Wegener Communications, Inc.
11350 Technology Circle
Johns Creek, Georgia  30097
Re:  Fourteenth Amendment

Gentlemen:

Wegener Communications, Inc., a Georgia corporation (“Borrower”), and The David E. Chymiak Trust Dated December 15, 1999 (“Trust”), as assignee of the Bank of America, N.A., successor interest by merger to LaSalle Bank National Association, respecting a $4,250,000 Loan and Security Agreement (“Security Agreement”), which Security Agreement has been previously amended thirteen times, wish to further amend the Security Agreement as provided herein (the “fourteenth Amendment”).
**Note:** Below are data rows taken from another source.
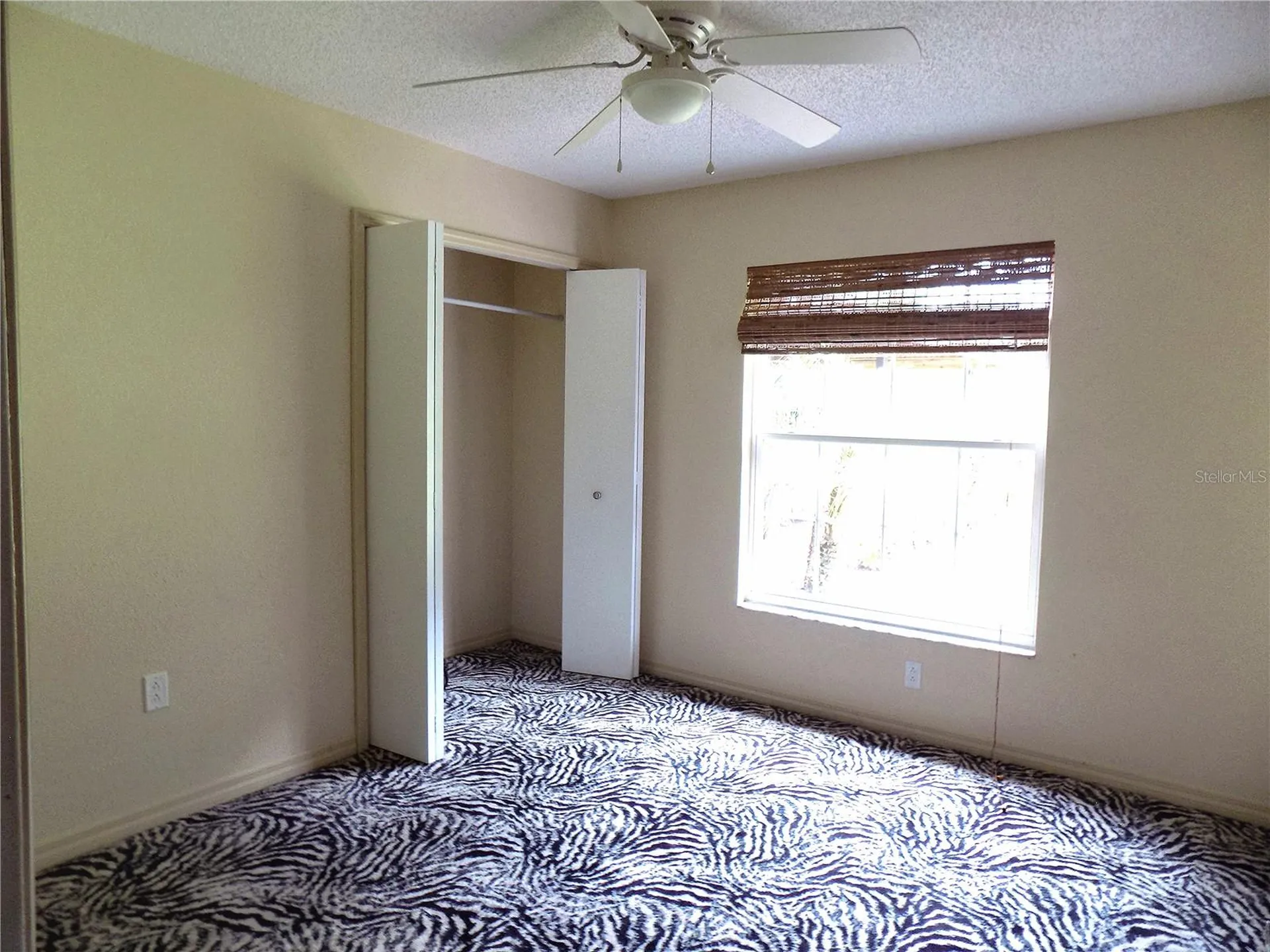 3374 Cooper Road Plant City FL 33565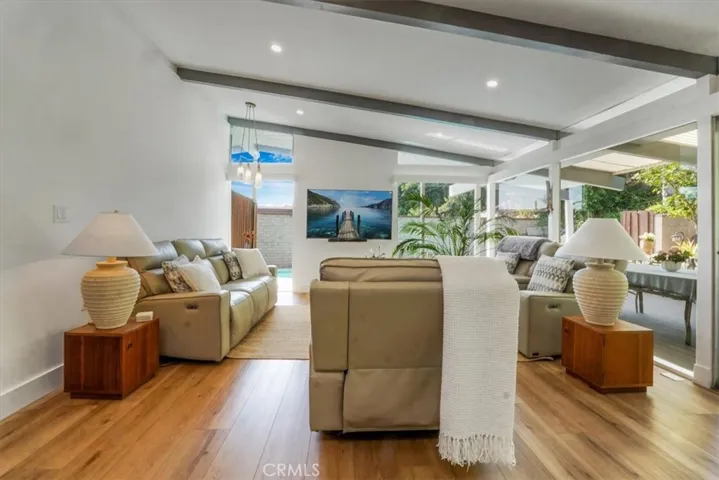 29511 N Enrose Avenue, Rancho Palos Verdes, California 90275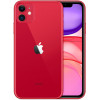 Apple iPhone 11 64GB Product Red (MWL92) - зображення 1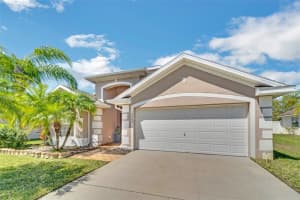 2767 EAGLE CANYON DR S, KISSIMMEE, FL 34746 Sold 12/09/22
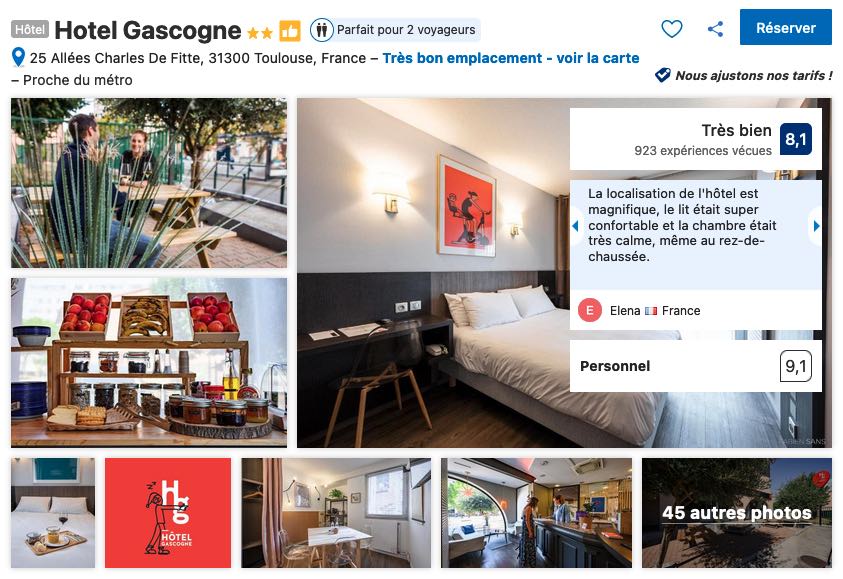 hotel-confortable-bon-rapport-qualite-prix-calme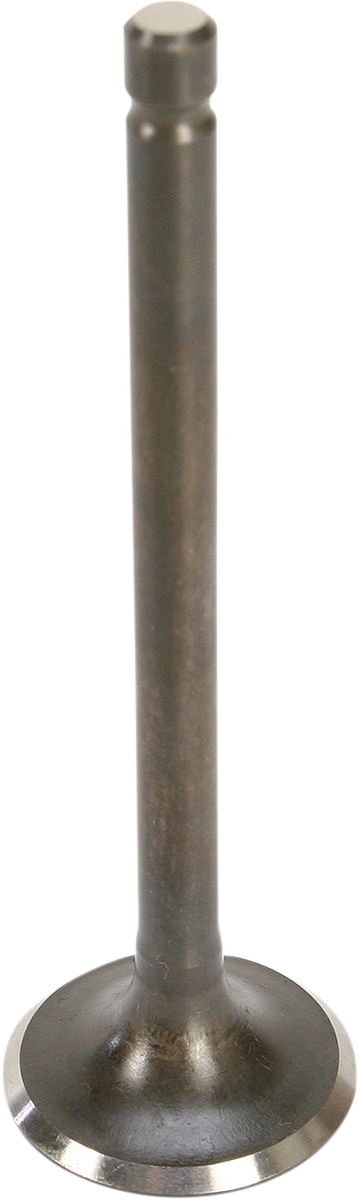 09260314_0.png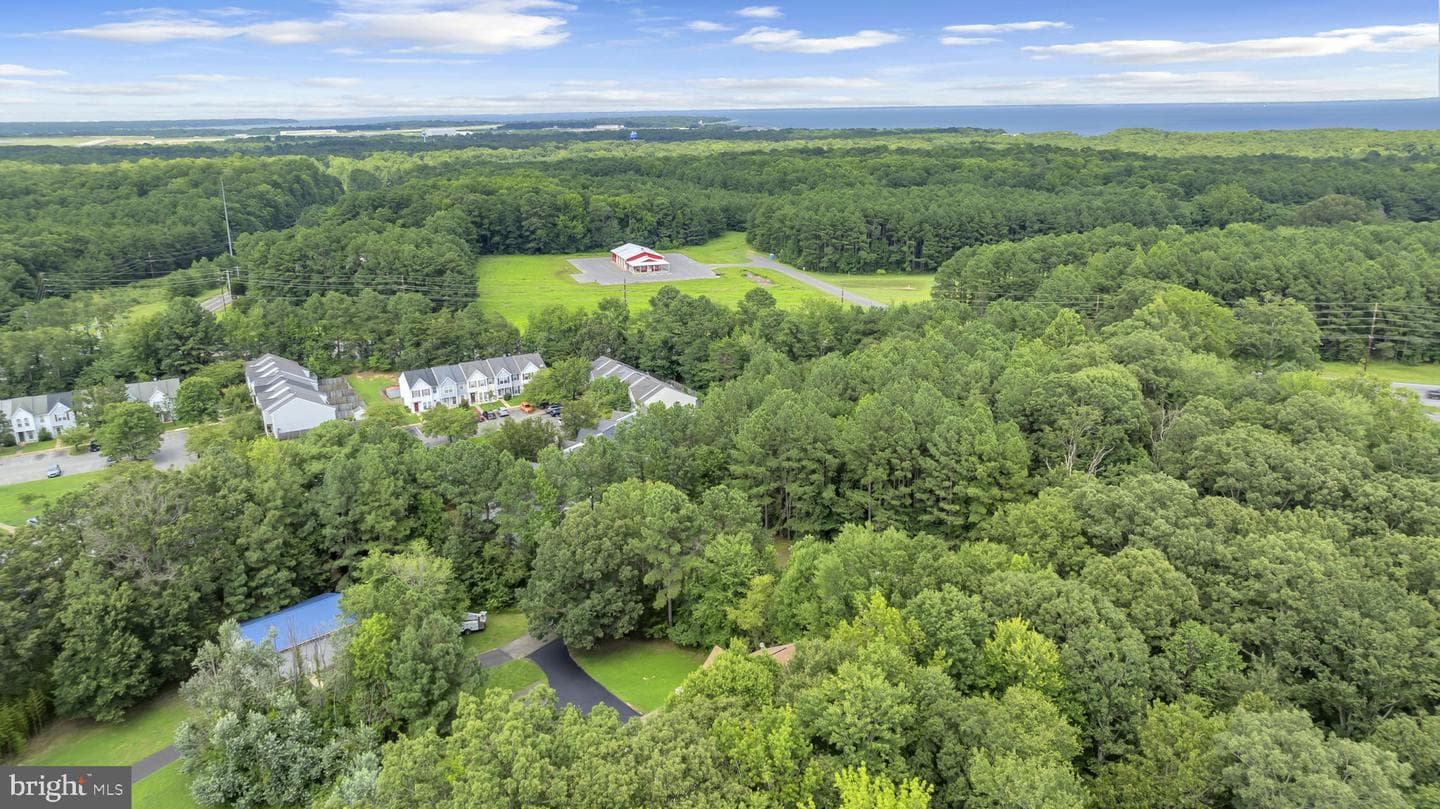 21085 Three Notch Road photo 65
NOW, THEREFORE, in consideration of the foregoing recitals, the mutual covenants and agreements set forth herein and other good and valuable consideration, the receipt and sufficiency of which are hereby acknowledged, the Borrower and the Trust hereby agree as follows:

Provision A. 2 of the Twelfth Amendment is deleted in its entirety and the following is substituted in its place:

2.
Loan Amount.  Provision 1 of Exhibit A of the Agreement is deleted in its entirety and the following is substituted in its place:

(1)
LOAN LIMIT: The aggregate loan limit shall be Four Million two hundred fifty thousand and No/100s Dollars ($4,250,000.00) (the “Loan Limit”).  The Loan Limit is inclusive of the amount the Trust will pay to the Bank in respect of the Assignment, but shall be exclusive of any accrued but unpaid interest hereunder.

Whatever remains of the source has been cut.